Create a welcome section
Start with a simple welcome section that includes the main workspace link, company overview, contact person, and first-week checklist. This gives the new person a clear starting point.
Add essential accounts
List the systems the employee needs, such as email, scheduling, payroll, file storage, task management, customer support, and internal tools. Do not include passwords. Instead, explain how access will be granted or who will send invitations.
Include policies and reference pages
Add links to important policies, handbooks, time-off instructions, security guidelines, and communication rules. These pages should be easy to find after onboarding, not buried in an old email.

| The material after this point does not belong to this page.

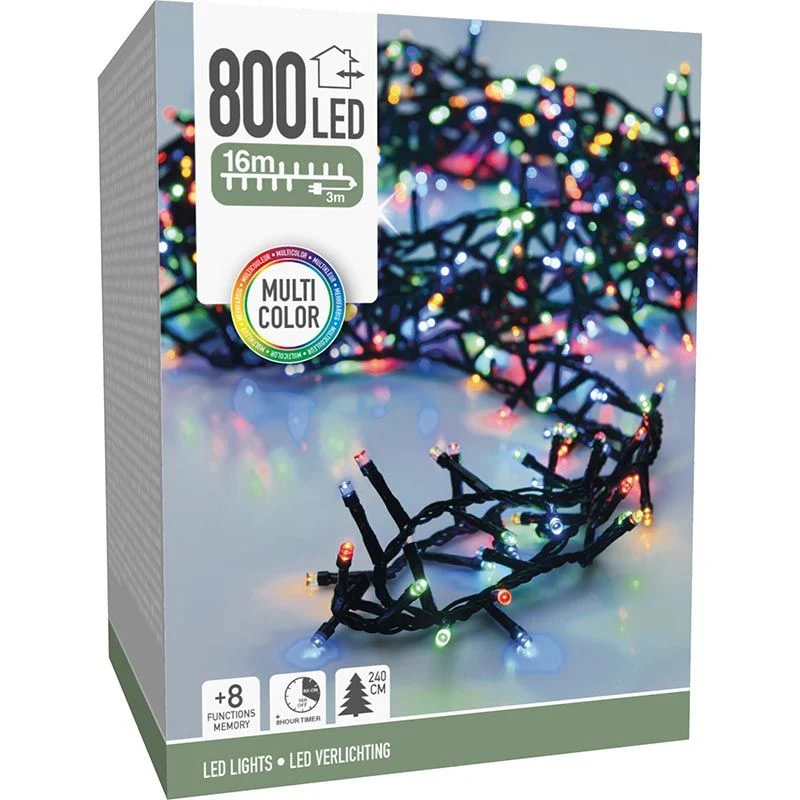 Microcluster - 800 Led - 16M - Multicolor - Timer - Lichtfuncties - Geheugen - Buiten Marcels Webwinkel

Add role-specific resources
A designer, developer, manager, and support team member do not need the same links. Create role-based sections so people only see what is relevant to their work.
Use a checklist
A checklist helps both the manager and the new employee track progress. Items might include setting up email, joining the workspace, reviewing policies, completing training, and confirming access to required tools.
Keep it updated
Onboarding resources become outdated quickly. Review the link pack whenever software changes, policies update, or a new role is added.
FAQ
Who is this guide for?
This guide is for small business owners, freelancers, agencies, and teams that want a cleaner way to manage links, files, notes, and repeatable work.
Do I need a complicated system to start?
No. Start with the resources your team uses every week, organize them into clear categories, and improve the workspace over time.